**DATA**
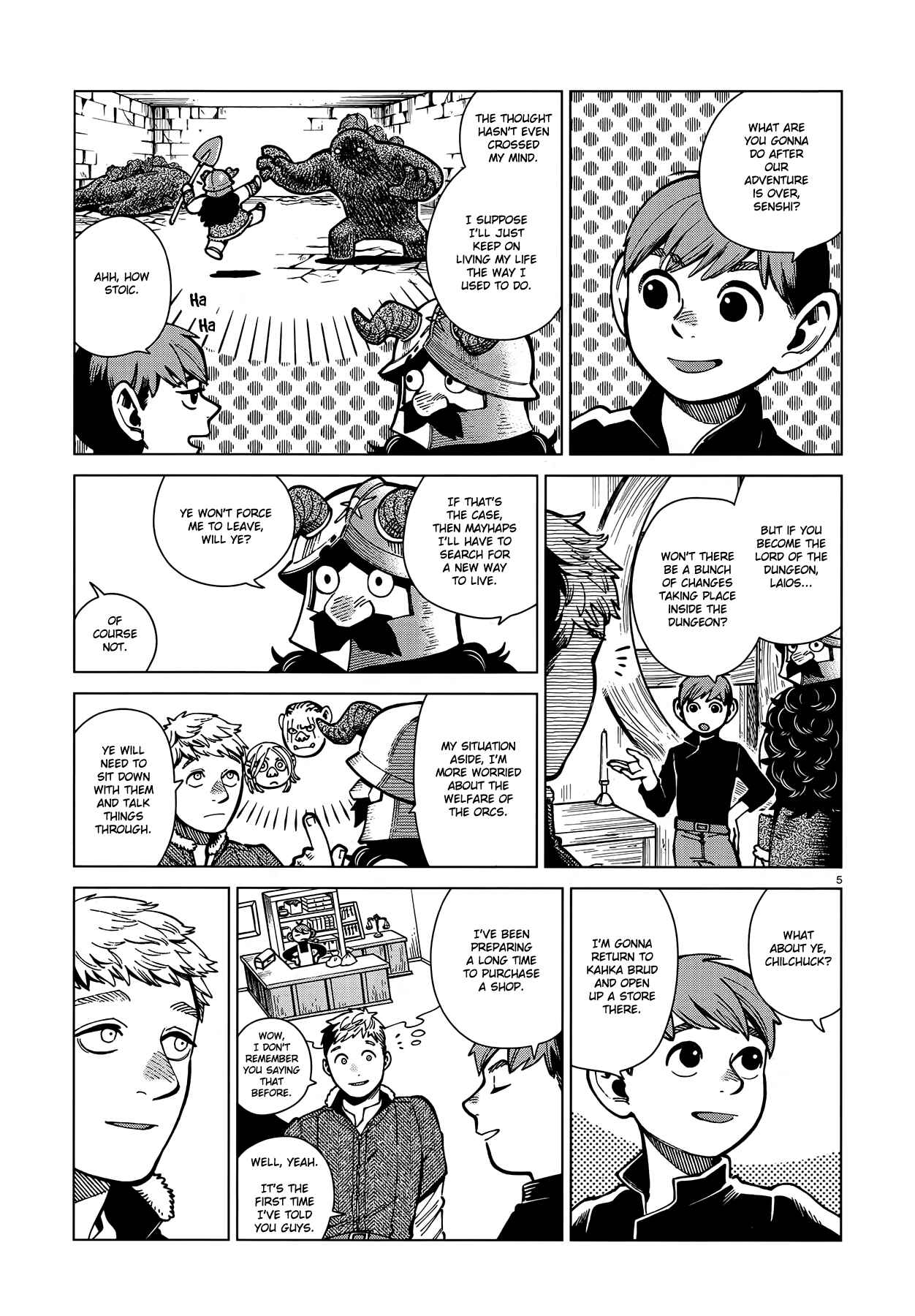 Dungeon Meshi Chapter 73 page 4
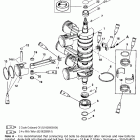 225 (3.0L EFI) 0G760300 THRU 0T408999 Коленчатый вал, поршни и шатуны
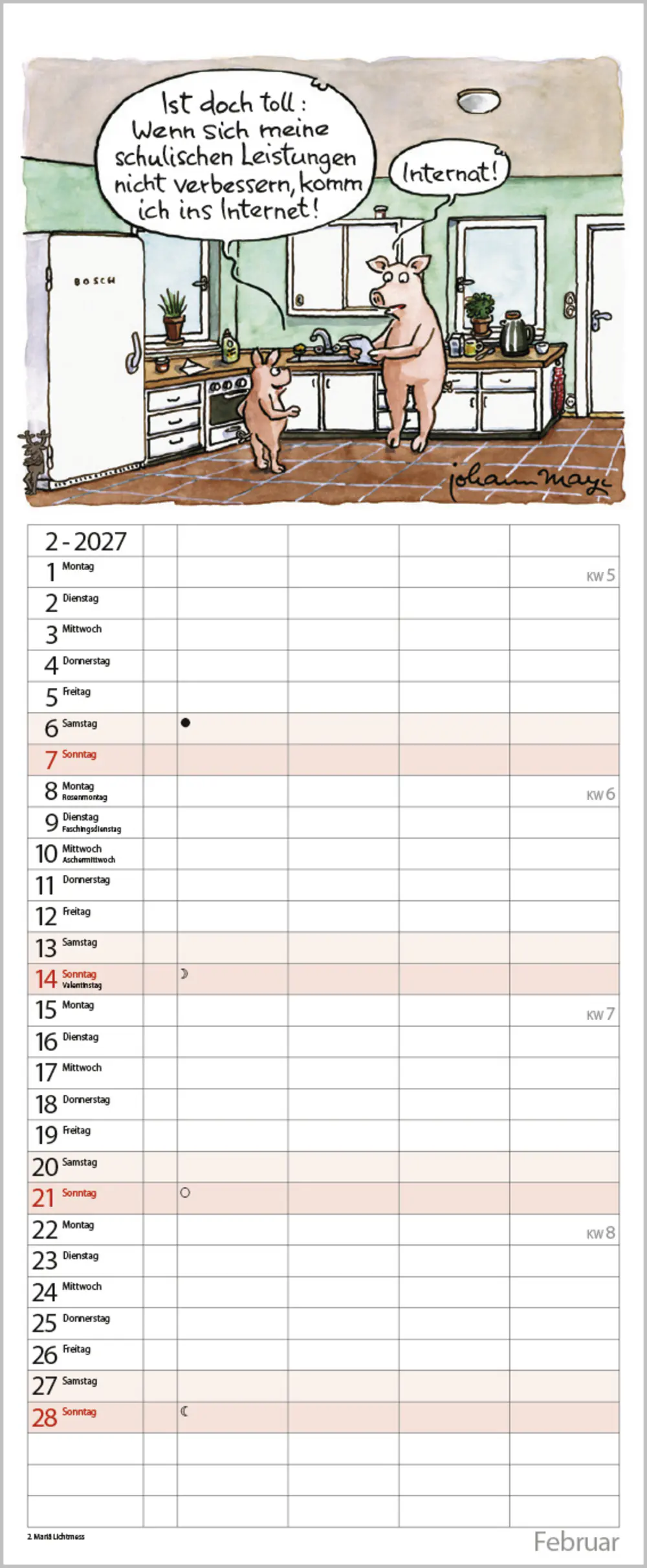 Korsch Kalender Tierisches Familienglück 2027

**WORK TASK**
All of the preceding material should be output verbatim, with the pictures excluded.

**PROBLEM SOLUTION**
 Dungeon Meshi Chapter 73 page 4
 225 (3.0L EFI) 0G760300 THRU 0T408999 Коленчатый вал, поршни и шатуны
 Korsch Kalender Tierisches Familienglück 2027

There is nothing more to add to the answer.